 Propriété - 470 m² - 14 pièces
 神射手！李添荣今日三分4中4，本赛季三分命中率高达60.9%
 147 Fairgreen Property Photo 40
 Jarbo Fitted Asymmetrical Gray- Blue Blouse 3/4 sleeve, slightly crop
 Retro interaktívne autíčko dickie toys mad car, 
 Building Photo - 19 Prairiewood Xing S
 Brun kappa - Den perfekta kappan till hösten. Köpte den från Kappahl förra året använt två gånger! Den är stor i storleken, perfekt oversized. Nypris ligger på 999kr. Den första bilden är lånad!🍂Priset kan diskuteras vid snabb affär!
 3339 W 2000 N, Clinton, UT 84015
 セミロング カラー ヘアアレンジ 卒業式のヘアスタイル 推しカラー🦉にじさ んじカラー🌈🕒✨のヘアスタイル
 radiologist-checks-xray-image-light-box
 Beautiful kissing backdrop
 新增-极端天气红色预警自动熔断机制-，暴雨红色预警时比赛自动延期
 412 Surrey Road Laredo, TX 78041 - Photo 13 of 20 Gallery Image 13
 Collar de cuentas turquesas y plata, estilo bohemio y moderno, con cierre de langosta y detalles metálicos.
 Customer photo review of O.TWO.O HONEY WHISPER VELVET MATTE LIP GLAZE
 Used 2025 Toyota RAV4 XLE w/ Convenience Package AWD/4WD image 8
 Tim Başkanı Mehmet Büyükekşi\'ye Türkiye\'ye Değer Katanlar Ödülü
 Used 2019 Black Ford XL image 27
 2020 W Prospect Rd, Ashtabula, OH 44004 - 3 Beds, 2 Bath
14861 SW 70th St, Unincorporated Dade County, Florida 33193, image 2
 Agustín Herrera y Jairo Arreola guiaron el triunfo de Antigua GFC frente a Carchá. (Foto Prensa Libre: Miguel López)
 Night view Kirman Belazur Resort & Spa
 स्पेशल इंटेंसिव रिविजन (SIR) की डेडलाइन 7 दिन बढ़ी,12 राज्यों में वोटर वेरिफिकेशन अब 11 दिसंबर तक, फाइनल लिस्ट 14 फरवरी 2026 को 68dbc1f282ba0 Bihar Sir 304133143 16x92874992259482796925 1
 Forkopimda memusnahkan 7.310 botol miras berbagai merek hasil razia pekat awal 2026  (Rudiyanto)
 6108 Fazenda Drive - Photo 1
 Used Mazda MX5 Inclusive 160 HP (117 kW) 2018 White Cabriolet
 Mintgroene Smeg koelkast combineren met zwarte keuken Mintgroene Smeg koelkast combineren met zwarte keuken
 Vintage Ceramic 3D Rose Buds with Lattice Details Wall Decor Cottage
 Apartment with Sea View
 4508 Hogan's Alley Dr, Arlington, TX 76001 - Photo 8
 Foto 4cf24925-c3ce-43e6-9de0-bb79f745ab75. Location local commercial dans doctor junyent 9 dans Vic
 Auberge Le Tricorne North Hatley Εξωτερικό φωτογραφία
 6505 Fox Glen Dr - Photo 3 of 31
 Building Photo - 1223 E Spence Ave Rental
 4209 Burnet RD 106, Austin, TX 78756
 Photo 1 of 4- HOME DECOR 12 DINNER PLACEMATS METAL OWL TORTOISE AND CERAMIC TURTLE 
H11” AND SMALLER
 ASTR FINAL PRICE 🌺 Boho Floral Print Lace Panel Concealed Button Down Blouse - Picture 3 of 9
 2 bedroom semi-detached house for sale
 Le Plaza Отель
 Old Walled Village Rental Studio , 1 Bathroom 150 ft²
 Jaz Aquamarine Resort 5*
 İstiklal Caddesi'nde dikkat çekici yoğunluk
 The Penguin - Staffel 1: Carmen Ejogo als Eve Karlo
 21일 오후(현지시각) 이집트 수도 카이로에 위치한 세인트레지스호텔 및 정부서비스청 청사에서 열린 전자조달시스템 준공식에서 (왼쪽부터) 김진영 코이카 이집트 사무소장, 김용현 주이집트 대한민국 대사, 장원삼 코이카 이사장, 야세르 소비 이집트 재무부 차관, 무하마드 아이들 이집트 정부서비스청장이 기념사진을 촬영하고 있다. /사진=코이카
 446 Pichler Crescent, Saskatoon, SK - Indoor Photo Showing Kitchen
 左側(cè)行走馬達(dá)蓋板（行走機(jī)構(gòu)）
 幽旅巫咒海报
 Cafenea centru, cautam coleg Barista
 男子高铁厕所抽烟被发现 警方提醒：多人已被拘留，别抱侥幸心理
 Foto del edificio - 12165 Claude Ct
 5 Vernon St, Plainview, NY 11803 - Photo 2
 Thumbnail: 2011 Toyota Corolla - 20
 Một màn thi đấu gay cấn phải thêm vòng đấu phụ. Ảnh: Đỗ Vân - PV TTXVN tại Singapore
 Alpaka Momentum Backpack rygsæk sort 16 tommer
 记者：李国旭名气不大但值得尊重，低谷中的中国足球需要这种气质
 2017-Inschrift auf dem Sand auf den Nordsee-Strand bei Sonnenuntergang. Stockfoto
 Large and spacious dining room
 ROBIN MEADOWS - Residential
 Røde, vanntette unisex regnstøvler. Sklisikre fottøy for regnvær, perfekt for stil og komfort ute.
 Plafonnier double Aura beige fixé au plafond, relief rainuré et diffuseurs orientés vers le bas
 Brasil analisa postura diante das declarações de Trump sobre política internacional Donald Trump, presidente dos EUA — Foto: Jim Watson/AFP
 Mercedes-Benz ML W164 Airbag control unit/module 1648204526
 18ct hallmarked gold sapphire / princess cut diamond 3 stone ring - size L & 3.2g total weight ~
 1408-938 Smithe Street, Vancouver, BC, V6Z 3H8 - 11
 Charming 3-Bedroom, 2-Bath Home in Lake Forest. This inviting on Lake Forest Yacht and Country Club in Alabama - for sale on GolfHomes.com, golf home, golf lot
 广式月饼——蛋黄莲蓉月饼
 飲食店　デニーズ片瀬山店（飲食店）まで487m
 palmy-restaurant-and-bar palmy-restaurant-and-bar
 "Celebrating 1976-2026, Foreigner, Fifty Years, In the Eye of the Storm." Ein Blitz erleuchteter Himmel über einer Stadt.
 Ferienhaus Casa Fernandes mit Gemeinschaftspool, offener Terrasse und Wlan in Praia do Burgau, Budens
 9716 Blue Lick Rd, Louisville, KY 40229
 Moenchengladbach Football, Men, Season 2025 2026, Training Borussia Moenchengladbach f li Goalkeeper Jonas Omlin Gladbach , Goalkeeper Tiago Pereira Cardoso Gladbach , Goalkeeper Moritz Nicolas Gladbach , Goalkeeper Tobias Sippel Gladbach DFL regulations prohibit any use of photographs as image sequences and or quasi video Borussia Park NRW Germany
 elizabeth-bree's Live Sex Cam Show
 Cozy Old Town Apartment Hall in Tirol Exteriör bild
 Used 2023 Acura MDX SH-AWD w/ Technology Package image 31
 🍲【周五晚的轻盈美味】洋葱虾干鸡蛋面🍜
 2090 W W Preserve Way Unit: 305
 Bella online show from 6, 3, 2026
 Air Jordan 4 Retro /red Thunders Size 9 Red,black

◇ ◇ ◇ ◇

- **Exercise details**:
The reply should hold only the lines of the listing above starting at the line containing "ASTR FINAL PRICE" and ending at the line containing "The Penguin - Staffel", exactly as written.

- **Solved problem**:
 ASTR FINAL PRICE 🌺 Boho Floral Print Lace Panel Concealed Button Down Blouse - Picture 3 of 9
 2 bedroom semi-detached house for sale
 Le Plaza Отель
 Old Walled Village Rental Studio , 1 Bathroom 150 ft²
 Jaz Aquamarine Resort 5*
 İstiklal Caddesi'nde dikkat çekici yoğunluk
 The Penguin - Staffel 1: Carmen Ejogo als Eve Karlo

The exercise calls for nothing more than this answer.